In fact, I could not complete a run that my credits for the Nimble browser were ended. From the dashboard, I can see I’ve made 100k requests, which were higher than expected but not too much, so I, wrongly, didn’t give this discrepancy too importance.
Solution 2: Playwright with residential proxies
Then I moved to residential proxies, together with Playwright. Since rendering the page was not an issue, I’ve just added some residential proxies to make this scraper work also from a data center.
To save some GB, I inhibited the loading of all the images on the website, using the Playwright routing feature.
def route_intercept(route):
if route.request.resource_type == "image":
print(f"Blocking the image request to: {route.request.url}")
return route.abort()
return route.continue_()
Additionally, since I was not sure how to grab all the items from this website, which is peculiar in its technical execution, I decided to change scraper behavior.
Instead of using the product list page for this e-commerce website, I made it read its sitemaps and then read every URL referred to a product. This increased the number of requests I needed to make but we’re talking about a website of less than 1k items per country, so relatively small, so I didn’t worry too much about this aspect.

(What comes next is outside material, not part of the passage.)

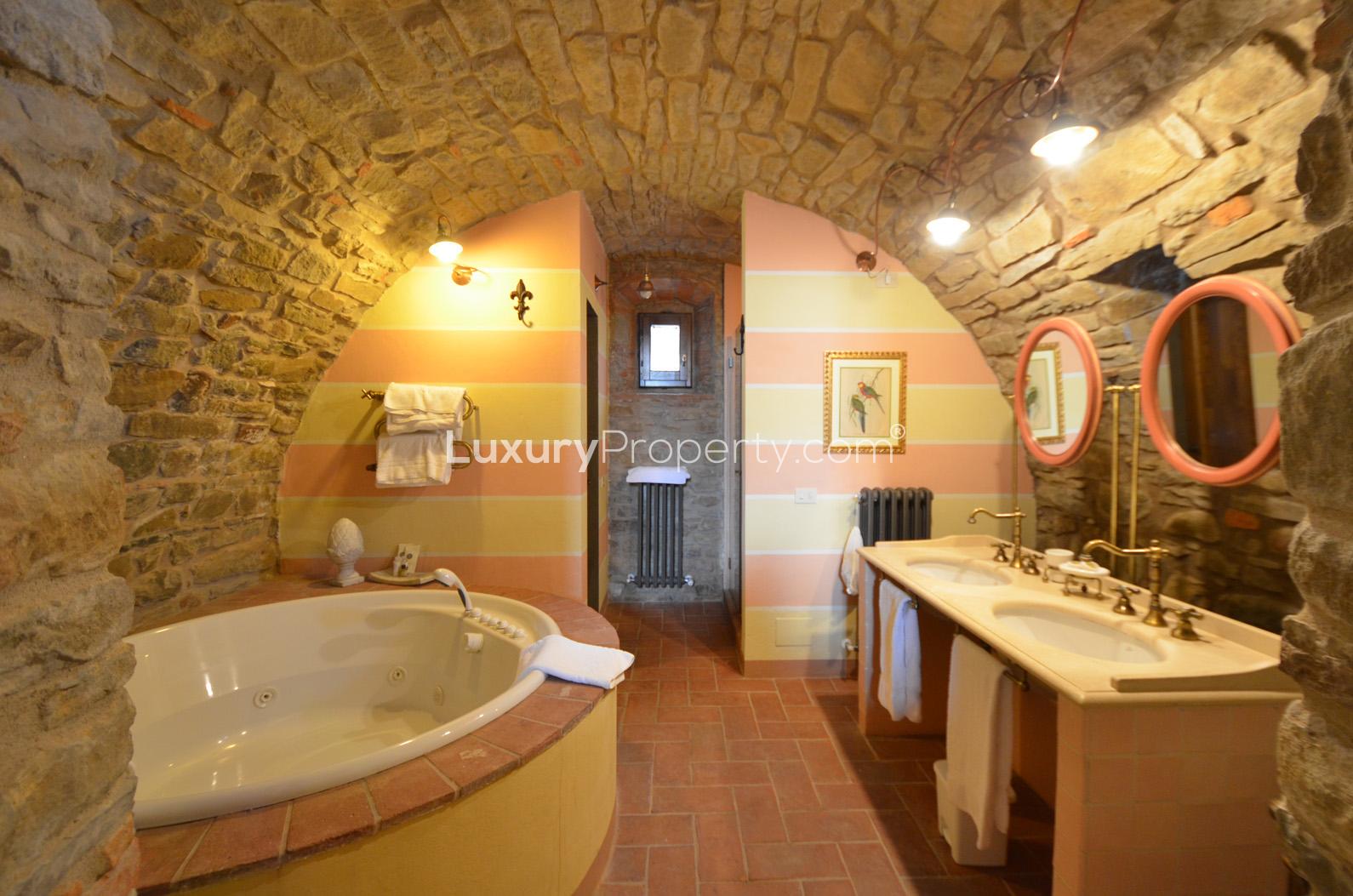Cozy stone villa with lush garden in scenic Arezzo countryside, Villa Tramonto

Testing this solution on my laptop worked as a charm, so I decided to push it to production. I continued the tests for a few days on production since I noticed that Playwright got stuck at some point, so I optimized its usage and this is the result:
Holy S*it!
I depleted my whole account and still didn’t have a single decent execution!
Ok, this is for sure something we can learn from.
What happened and how to avoid these mistakes
After some study, I’ve found out that what happened was a concatenation of errors in the planning of proxy usage but also a strange behavior of the website, I still don’t know if intentional or not.
I was using a Pipeline where I grouped 4 websites where I use the same credentials for residential proxies, including Stone Island ones, which was the target of this scraper.
And this is the first error: if your provider allows you to do so, use different credentials per each website. In this way, you can easily detect outliers and set thresholds per website, something I didn’t do.
From the dashboard, I tried to understand what happened and something bounced to my eyes.
The websites in the green squares are the legitimate ones, while all the others are websites of third-party services called by Stone Island website when loading their page.
Per every GB spent on the real target website, I’ve used at least another 5 in third-party services I didn’t care at all.
So for this reason, I should be more aggressive in blocking third-party content other than images, adding to the route_intercept function this option:
if "stoneisland" not in route.request.url:
print(f"blocking {route.request.url} as it does not contains Stone Island")
return route.abort()
So the lesson here is to be more selective about the resources to load in your browser when using Playwright by writing different routing rules.
This does not apply in your Scrapy spiders, since these resources are all triggered by the loading of a page inside a browser.
But even considering the traffic on legitimate websites, the numbers don’t match my expectations. Stone Island is a website much smaller than Neiman Marcus, why is it using 5 times more GB?
I’ve found out that when executed on a machine in a datacenter, some random pages of Stone Island websites start loading and loading again, in an endless loop, generating a lot of traffic.
I don’t know if it’s a bug or a feature, but the result is that this cost me a lot of GB.
While this behavior is unpredictable, here we can learn the third lesson: even if you think you’re working on a trivial scraper, set a threshold to proxy usage for your scraper.
Thanks to Nimble that allowed me to test their tools, even if the trial ended in a unpredictable way. But I could appreciate the quality of their tools and, thanks to their reporting system, I could easily find where the issues were hidden. I hope this article could help you save money and make you understand what to do to avoid the same errors I’ve made.